I try to use a compiled *.cubin file with PyCuda but I get this error:
func = mod.get_function("doublify")
pycuda._driver.LogicError: cuModuleGetFunction failed: named symbol not found
Content of doublify.cu:
__global__ void doublify(float *a)
{
int idx = threadIdx.x + threadIdx.y * 4;
a[idx] *= 2;
}
I compiled it with the following command:
nvcc --cubin -arch sm_75 doublify.cu
This is my python script:
import pycuda.driver as cuda
import pycuda.autoinit
from pycuda.compiler import SourceModule
import numpy
a = numpy.random.randn(4, 4)
a = a.astype(numpy.float32)
a_gpu = cuda.mem_alloc(a.nbytes)
mod = pycuda.driver.module_from_file("doublify.cubin")

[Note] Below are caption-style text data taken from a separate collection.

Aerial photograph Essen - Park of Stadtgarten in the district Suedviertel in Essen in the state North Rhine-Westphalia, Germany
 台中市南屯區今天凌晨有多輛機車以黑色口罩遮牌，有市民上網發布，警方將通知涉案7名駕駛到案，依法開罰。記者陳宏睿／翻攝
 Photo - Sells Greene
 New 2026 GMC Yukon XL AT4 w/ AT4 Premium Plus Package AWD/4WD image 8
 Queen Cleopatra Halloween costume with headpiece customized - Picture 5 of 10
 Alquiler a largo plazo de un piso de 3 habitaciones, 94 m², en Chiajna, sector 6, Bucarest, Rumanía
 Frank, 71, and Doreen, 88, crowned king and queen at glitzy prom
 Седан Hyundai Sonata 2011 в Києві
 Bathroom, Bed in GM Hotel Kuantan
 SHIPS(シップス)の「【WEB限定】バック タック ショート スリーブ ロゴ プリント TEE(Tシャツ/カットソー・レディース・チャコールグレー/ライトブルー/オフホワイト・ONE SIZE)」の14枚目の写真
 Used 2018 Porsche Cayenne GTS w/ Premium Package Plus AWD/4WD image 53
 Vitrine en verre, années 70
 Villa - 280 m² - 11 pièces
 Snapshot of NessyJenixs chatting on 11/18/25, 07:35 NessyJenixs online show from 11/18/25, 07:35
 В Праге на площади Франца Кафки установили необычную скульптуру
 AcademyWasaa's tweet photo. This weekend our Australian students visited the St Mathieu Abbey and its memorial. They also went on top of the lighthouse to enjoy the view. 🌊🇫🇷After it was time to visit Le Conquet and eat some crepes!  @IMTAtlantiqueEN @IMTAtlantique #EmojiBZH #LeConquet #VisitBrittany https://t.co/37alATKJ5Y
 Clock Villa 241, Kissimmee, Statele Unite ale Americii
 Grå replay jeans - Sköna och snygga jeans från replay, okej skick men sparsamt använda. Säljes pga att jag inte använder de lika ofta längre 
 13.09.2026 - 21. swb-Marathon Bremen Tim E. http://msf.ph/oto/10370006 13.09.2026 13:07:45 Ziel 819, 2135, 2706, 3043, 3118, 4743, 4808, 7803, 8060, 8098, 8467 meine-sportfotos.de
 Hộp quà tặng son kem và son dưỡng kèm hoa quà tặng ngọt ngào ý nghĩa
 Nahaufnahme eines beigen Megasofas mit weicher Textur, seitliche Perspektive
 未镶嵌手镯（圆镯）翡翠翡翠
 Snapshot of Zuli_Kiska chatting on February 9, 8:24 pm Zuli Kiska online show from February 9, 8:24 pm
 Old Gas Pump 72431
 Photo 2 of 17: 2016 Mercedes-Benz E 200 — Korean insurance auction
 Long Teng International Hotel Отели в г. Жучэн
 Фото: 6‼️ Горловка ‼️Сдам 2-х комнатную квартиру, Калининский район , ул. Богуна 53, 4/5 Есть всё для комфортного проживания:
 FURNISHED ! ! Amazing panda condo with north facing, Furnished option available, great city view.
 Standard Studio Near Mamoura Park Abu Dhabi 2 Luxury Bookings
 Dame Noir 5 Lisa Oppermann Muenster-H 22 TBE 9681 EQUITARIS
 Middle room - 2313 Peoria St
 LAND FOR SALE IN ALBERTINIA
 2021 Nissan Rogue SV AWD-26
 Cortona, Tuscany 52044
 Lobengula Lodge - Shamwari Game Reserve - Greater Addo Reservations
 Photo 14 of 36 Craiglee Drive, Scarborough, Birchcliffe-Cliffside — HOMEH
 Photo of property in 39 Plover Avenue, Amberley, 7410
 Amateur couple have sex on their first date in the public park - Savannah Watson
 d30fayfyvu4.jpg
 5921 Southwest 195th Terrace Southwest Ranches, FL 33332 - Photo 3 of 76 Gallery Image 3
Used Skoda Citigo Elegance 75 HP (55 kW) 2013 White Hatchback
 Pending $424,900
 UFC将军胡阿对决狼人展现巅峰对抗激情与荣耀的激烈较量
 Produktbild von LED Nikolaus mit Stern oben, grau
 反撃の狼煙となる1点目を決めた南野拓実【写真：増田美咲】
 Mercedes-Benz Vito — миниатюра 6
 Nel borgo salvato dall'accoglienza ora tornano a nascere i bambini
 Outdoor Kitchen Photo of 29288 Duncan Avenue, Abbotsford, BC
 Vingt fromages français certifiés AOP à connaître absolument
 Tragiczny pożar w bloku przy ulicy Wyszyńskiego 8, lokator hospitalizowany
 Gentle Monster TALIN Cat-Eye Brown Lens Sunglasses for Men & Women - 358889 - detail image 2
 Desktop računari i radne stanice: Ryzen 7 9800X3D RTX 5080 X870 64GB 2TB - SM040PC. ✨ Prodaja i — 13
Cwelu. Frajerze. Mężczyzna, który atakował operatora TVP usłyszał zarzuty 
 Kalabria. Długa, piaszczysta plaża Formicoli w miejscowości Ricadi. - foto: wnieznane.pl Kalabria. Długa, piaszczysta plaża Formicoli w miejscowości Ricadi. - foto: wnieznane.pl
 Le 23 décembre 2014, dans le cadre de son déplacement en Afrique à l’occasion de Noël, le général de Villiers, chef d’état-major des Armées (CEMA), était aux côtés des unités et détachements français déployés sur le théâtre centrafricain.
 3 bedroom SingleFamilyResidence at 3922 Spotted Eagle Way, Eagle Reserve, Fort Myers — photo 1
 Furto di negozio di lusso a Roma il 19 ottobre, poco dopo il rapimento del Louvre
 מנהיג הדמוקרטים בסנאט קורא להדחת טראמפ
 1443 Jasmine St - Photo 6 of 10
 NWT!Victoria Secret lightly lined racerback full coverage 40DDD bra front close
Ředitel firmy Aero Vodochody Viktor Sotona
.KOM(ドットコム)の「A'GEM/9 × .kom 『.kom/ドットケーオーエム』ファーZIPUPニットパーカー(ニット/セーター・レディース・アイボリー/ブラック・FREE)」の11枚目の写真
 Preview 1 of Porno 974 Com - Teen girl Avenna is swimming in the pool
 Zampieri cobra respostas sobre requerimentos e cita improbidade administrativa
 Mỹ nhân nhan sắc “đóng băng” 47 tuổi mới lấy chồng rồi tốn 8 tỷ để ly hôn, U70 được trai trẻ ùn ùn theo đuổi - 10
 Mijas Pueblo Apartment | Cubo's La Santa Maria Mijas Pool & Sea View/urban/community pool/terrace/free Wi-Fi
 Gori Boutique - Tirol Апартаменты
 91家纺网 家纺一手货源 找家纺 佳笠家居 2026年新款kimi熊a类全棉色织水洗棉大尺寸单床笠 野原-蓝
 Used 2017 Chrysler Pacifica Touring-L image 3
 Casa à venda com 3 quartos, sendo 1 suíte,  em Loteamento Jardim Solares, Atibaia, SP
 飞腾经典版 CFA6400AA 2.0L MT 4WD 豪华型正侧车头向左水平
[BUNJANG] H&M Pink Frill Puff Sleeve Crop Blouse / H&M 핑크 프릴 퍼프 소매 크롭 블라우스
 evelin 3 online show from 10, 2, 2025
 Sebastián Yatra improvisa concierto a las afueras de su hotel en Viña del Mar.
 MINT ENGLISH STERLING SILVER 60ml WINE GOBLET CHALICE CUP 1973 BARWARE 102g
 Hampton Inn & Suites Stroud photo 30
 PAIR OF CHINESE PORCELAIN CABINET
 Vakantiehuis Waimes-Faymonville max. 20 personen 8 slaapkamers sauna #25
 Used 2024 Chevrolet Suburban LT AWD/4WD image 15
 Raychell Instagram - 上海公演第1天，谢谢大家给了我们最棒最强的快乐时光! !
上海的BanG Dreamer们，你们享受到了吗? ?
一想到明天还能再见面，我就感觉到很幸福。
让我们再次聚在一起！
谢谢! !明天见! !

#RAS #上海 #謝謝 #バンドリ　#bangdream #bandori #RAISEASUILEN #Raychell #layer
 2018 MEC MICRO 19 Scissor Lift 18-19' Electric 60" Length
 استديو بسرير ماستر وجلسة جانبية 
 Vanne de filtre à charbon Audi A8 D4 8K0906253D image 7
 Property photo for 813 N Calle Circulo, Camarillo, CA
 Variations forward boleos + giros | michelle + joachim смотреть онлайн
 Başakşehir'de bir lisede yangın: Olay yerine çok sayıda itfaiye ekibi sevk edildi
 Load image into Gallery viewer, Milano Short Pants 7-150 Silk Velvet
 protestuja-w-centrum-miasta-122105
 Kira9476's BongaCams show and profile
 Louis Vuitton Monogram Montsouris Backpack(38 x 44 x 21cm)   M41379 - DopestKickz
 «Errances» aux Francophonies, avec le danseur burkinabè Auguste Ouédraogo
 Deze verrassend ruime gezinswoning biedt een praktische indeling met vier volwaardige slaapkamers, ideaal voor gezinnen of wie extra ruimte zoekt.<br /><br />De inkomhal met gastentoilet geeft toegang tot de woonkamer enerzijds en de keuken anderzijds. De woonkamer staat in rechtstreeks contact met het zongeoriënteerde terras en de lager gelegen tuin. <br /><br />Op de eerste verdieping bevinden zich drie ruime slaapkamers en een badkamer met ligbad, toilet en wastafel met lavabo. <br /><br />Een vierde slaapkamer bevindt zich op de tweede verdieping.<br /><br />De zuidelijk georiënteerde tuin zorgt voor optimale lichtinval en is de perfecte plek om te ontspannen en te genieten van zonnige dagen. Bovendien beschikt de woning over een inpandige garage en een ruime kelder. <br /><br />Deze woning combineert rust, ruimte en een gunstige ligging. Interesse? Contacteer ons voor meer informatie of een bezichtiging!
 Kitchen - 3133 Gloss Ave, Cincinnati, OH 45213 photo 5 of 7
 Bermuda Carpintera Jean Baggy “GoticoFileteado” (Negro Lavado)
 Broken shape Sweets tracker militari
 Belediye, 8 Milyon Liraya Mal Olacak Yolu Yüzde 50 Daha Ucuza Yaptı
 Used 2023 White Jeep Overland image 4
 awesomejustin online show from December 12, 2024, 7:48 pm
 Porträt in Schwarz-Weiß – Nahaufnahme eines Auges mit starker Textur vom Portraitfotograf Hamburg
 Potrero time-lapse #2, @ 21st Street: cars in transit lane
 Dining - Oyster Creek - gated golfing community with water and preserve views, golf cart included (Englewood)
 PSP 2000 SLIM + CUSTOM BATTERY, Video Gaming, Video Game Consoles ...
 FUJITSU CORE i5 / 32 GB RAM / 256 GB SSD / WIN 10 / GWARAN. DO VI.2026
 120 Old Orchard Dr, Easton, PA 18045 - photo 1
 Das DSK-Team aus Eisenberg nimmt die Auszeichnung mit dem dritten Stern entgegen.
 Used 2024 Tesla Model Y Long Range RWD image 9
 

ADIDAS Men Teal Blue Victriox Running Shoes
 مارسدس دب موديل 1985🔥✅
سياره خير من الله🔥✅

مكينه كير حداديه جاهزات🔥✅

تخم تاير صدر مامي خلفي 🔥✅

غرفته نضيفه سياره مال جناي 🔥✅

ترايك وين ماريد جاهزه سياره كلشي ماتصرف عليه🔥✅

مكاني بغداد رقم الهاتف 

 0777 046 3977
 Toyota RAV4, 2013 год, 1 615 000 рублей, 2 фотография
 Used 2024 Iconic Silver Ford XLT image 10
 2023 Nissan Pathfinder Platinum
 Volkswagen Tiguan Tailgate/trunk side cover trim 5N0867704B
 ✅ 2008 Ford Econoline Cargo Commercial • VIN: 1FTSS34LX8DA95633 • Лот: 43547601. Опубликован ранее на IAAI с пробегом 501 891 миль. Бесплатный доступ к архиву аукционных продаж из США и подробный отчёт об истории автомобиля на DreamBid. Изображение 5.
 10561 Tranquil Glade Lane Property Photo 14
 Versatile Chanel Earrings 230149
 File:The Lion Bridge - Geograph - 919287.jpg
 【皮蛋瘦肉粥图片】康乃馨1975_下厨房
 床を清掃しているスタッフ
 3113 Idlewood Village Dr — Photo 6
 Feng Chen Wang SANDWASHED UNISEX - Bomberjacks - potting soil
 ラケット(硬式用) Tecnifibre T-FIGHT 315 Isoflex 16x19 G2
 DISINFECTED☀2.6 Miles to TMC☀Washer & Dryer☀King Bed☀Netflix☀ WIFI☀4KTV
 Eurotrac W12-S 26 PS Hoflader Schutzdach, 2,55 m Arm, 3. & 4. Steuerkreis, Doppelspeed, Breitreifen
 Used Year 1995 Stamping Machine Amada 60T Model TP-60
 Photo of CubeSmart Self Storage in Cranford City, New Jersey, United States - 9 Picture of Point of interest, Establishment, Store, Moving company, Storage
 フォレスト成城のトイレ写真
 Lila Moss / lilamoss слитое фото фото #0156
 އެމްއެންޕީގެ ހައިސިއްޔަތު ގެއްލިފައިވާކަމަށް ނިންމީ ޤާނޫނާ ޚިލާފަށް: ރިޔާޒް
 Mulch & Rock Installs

func = mod.get_function("doublify")
func(a_gpu, block=(4,4,1))
cuda.memcpy_dtoh(a_doubled, a_gpu)
print(a)
Do I need to pass in additional flags to the nvcc compiler? If I use it with the SourceModule from Pycuda everything is working as expected. It's also not working with compiling a *.fatbin
Figure it out myself after debugging PyCuda itself. If anyone else stumbles upon the same problem, this is the solution: I was missing the extern "C" statement at the beginning of the *.cu file.
extern "C"
__global__ void doublify(float *a)
{
int idx = threadIdx.x + threadIdx.y * 4;
a[idx] *= 2;
}